SUPPLIED MATERIAL:
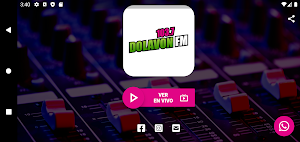 FM DOLAVON 103.7 Screenshot 1
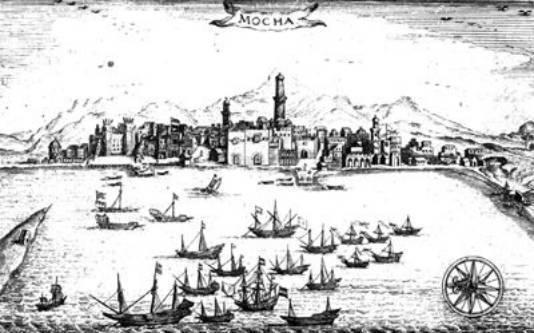 从一而终的日子——摩卡咖啡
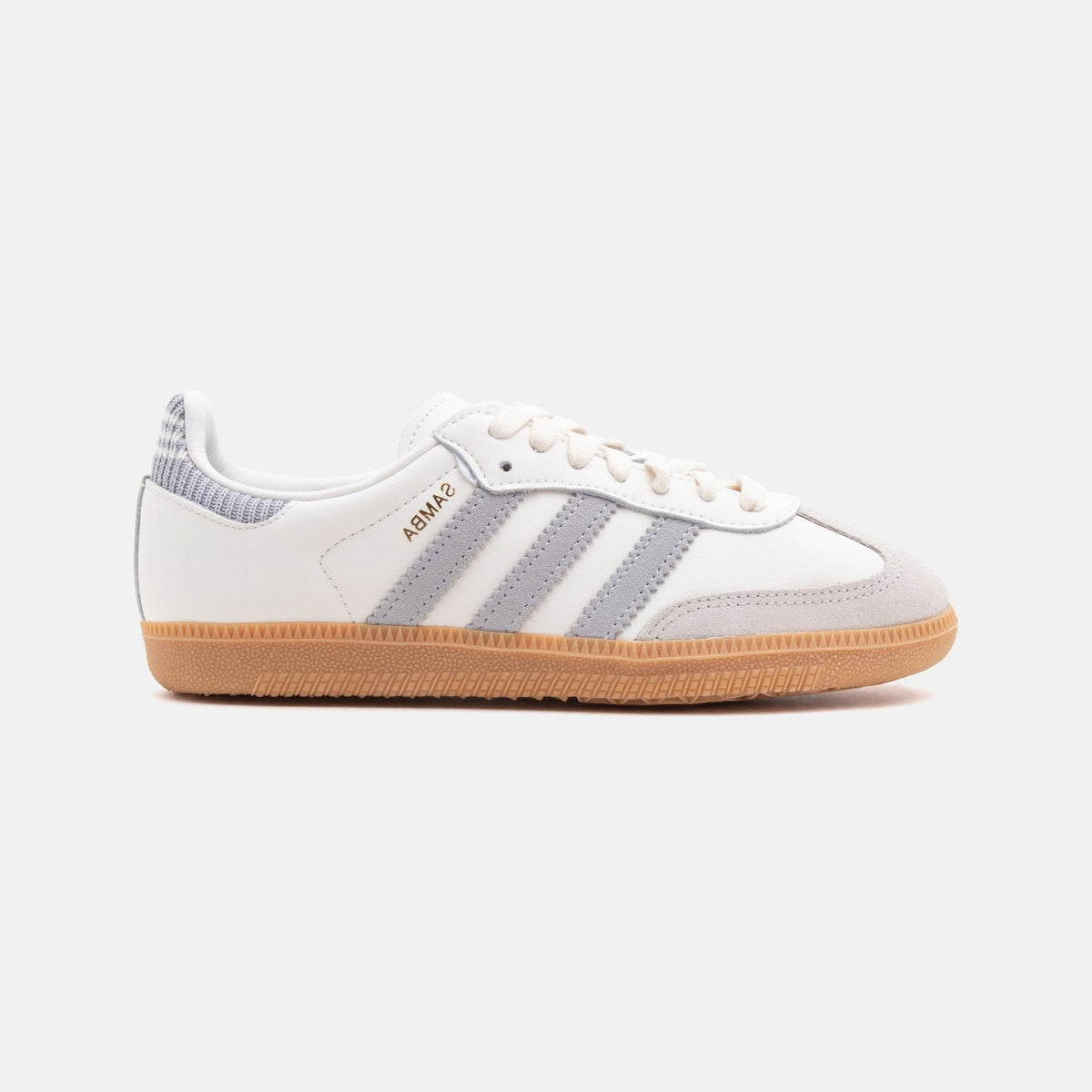 adidas Samba OG - GS - Cloud White Halo Silver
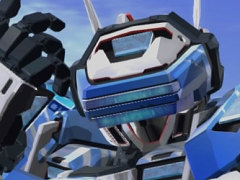 「とある魔術の電脳戦機(バーチャロン)」発売直前インプレッション。バーチャロンの根幹は変わらず,戦いに新たな選択肢が提示される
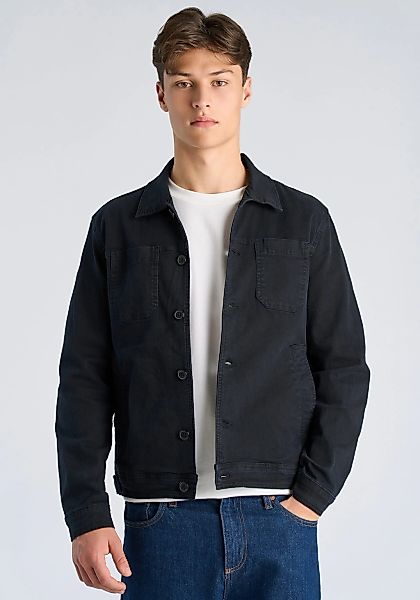 LINDBERGH Hemdjacke "Lindbergh Hemdjacke" günstig online kaufen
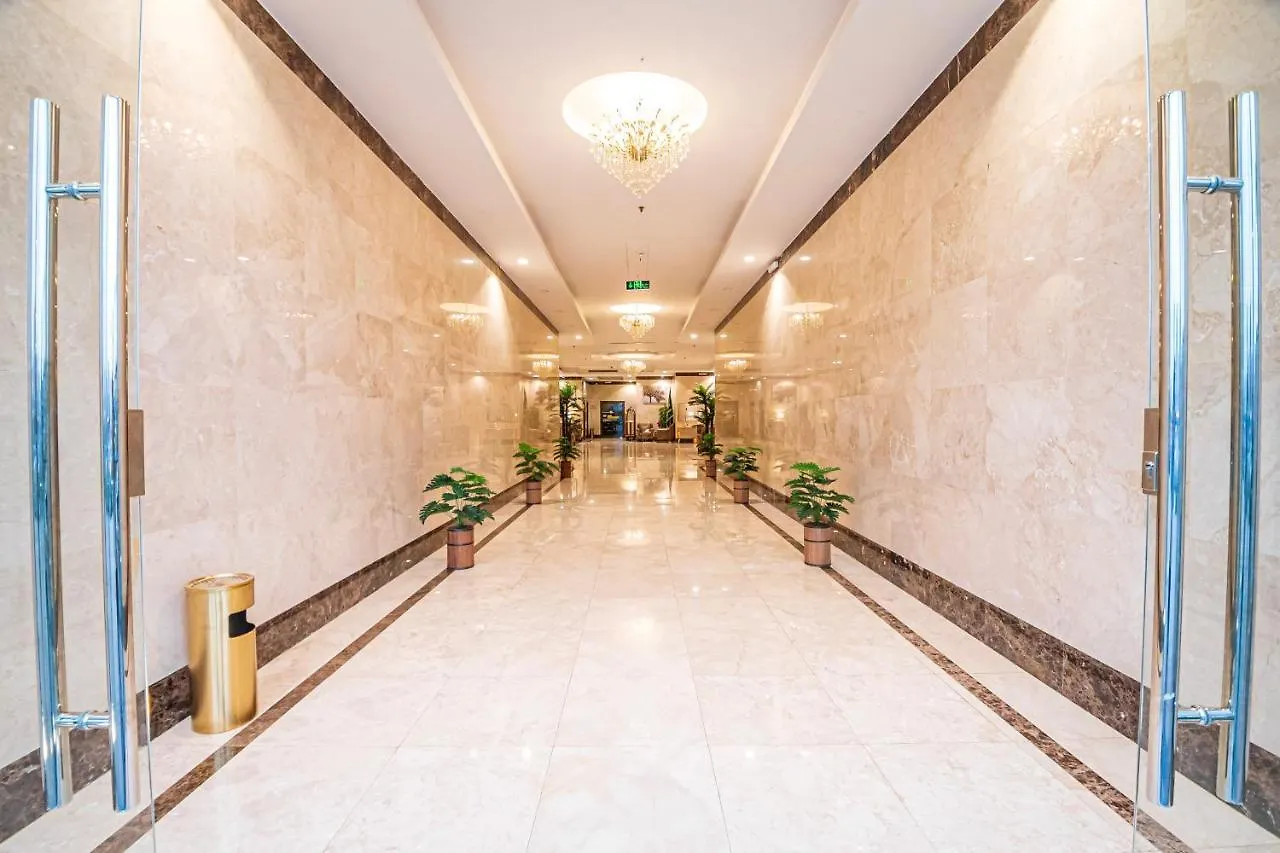 Hotel Safwat Taiba Suites Medina 0*,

WHAT IS BEING ASKED: Only the lines from the line holding "günstig online kaufen" through the last line above belong in the answer, repeated exactly; the pictures do not.

ANSWER BOX:
 LINDBERGH Hemdjacke "Lindbergh Hemdjacke" günstig online kaufen
 Hotel Safwat Taiba Suites Medina 0*,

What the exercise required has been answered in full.